Man, once the dominant figure, turned himself to responsible figure of this priority relationship. Responsibility inevitably brings with itself the necessity of ethics (3). Dropped the anthropocentrism, also the idea of exclusively inter-human ethics were dropped in favor of an olistic vision in which Nature and Man are a solid interconnected subject of ethics.

The necessary and urgent environmental ethics are inserted in that wide culture that asserts itself in those years, a culture that looks again for values and goals without entrapping them in ideologies nor in hierarchical superstructures (4).
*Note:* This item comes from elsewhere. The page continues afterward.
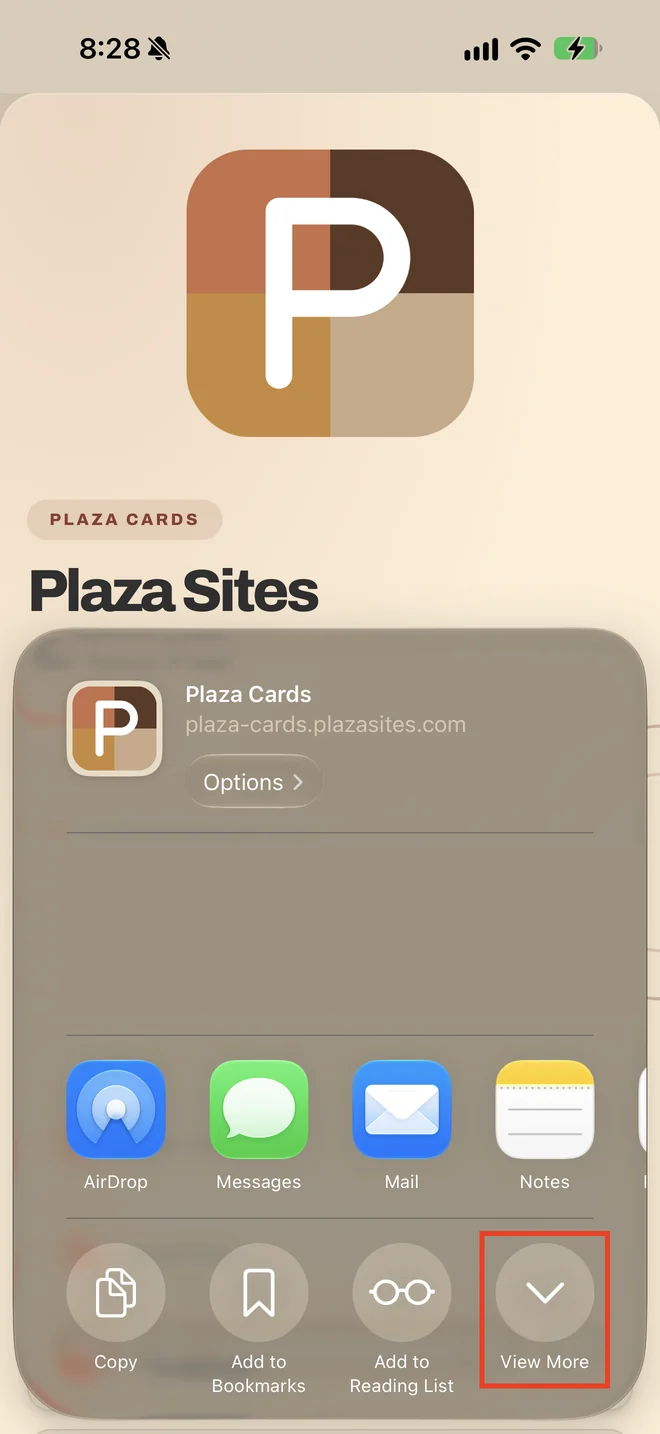 The iOS share sheet, with View More highlighted in the bottom right corner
Such a research for new values has been supported by different literary activities, at first limited and occasional, then more aware and organized in specific cultural movements, which were arising in various parts of the world, especially in the English-speaking countries. Among these movements is Ecopoetry, dealt with in this article, a movement that seems the most effective, also considering that Poetry, with the power of its suggestions and the ability to arouse emotions, is able to awaken the consciences setting them up to listening to the problems of the 21st Century and, therefore, to taking actions to resolve them.

From these new literary activities many works of criticism derive, taking the denomination of "Ecocriticism." (5)
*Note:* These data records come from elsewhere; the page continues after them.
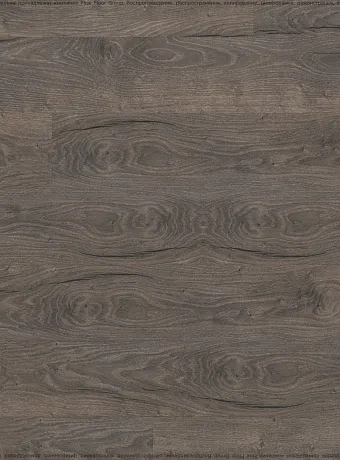 Ламинат Kastamonu Floorpan MARSALA  Дуб Сабах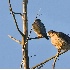 2Peregrine Falcons - Pair - ID: 5194558 © John Tubbs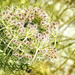 Queen Anne's Lace by ludwigsdiana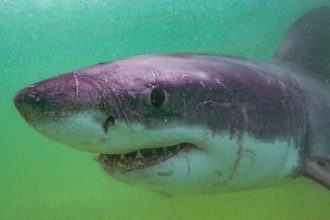 Hrozny osud nezvestnej triatlonistky a svedok opisal vyzeranie mora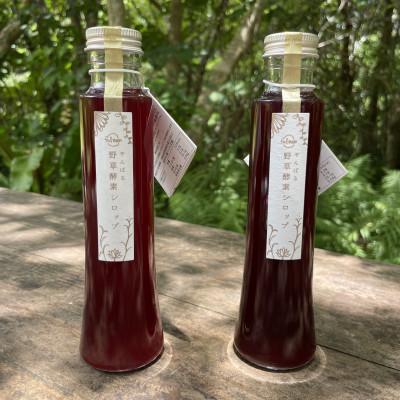 ふるさと納税 東村 【緑豊かな大地から生まれた】やんばる野草酵素シロップ2本セット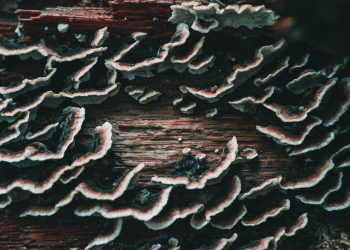 Turkey Tail Mushroom Benefits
Ecopoetry counts by now several critical essays, Manifestos, publications and anthologies in many parts of the world.


Ecological literature in Italy

Also in Italy begins the critical study of literary works introducing ethical interactions between Man and Nature. The first deep study in this direction has been realized in 2007 by Serenella Jovino with the volume "Literary Ecology". For Ms Jovino the literary ecology must be intended as a critical study of literary texts, also of the past, directed not only to the research and the analysis of ecological themes, but also to the social, economic and ethical interconnections deriving from the present environmental crucial situation.
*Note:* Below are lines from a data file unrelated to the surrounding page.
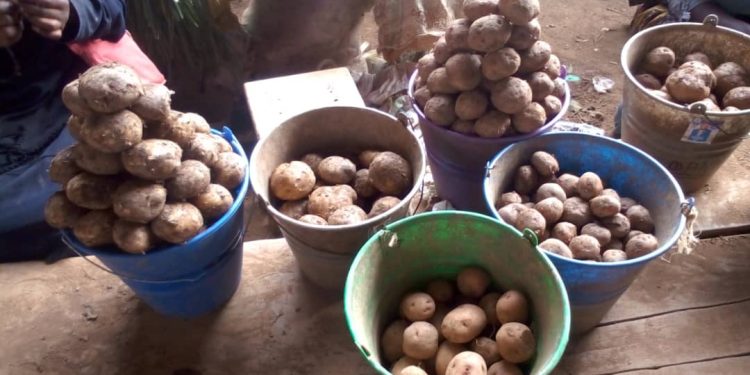 Butembo : impact de l’occupation de Kipese sur le marché de la pomme de terre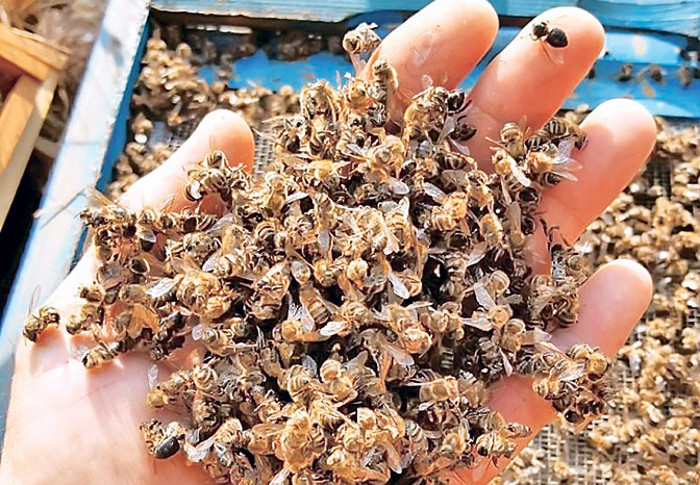 Пчеле убијају пестициди чији увоз нико не контролише!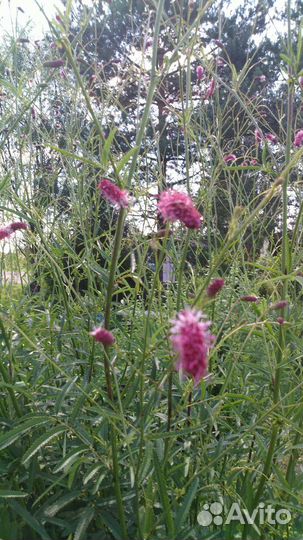 Кровохлебка гигантская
In the first part of Ms Jovino’s volume, an up-to-date and complete documentation of the literary activities related to ecology, primarily Anglo-Saxon, can be found. In the second part of the book, due to the lack of analogous Italian recent references, some authors (Calvino, Pasolini, Ortese, etc.) are considered in order to analyze their ante litteram ambientalism.

The volume by Ercole Ferrari "The idea of Nature in the history of literature" also analyses authors of the past which dealt with environment or Nature.

They are limited and sporadic interventions, not framed in a conscious Echo-literary cultural Italian movement. (6)

Alone stands the case, in the year 2005, of the publication of a text of Ecopoetry: "Ecopoems in the Space - Time" (7) by M. Ivana Trevisani Bach, author of this article, a book of ecopoems tracing back to analogous texts of "Ecopoetry" in English, that also contains a Manifesto of the Italian Ecopoetry (8).

The anthology "Green American", by Barron and Anna Re, Edizioni Ambiente, is going to be published. It is a collection of American texts about literature and environment translated into Italian (9).


Ecopoetry: the contents

But then, what is Ecopoetry? In Wikipedia this definition can be found: "Ecopoetry is a particular kind of poetry which developed in the last few decades of the 20th Century in the English-speaking countries and that gave rise to a real poetic movement based on themes and subjects related with ecology."

The definition seems clear and exhaustive. In fact, some more precise information is necessary. The mere fact of writing verses on Nature or on Ecology is not enough to be considered "eco-poets."

The eco-poet, as a matter of fact, is not the chorister of the Nature of Arcadia or of the classical bucolic poetry, but is one who picks and underlines, besides its beauty, the problems that upset Nature. Ecopoetry is therefore the poetry of the man who feels interconnected with the creation and that reports emotions of it from the inside; the tortured animal, the uprooted secular tree, the whole polluted Earth, directly speak through the verses and send their messages of alarm or pain. As the English poetess Helen Moore (10) writes:

May Gaia

our Great Mother,

speak through me...

may I be a channel,

a conduit

for Nature's words!

In conclusion, the Ecopoet is the medium between natural world and human community; he does not only speak about Nature, but he also speaks for Nature and, to do it, he doesn't ascend onto a pedestal to point out the way that must be followed, he is not the "prophet", he doesn't make resounding and commemorative poetry but simple poetry, as humble as the oppressed subjects that express themselves through it.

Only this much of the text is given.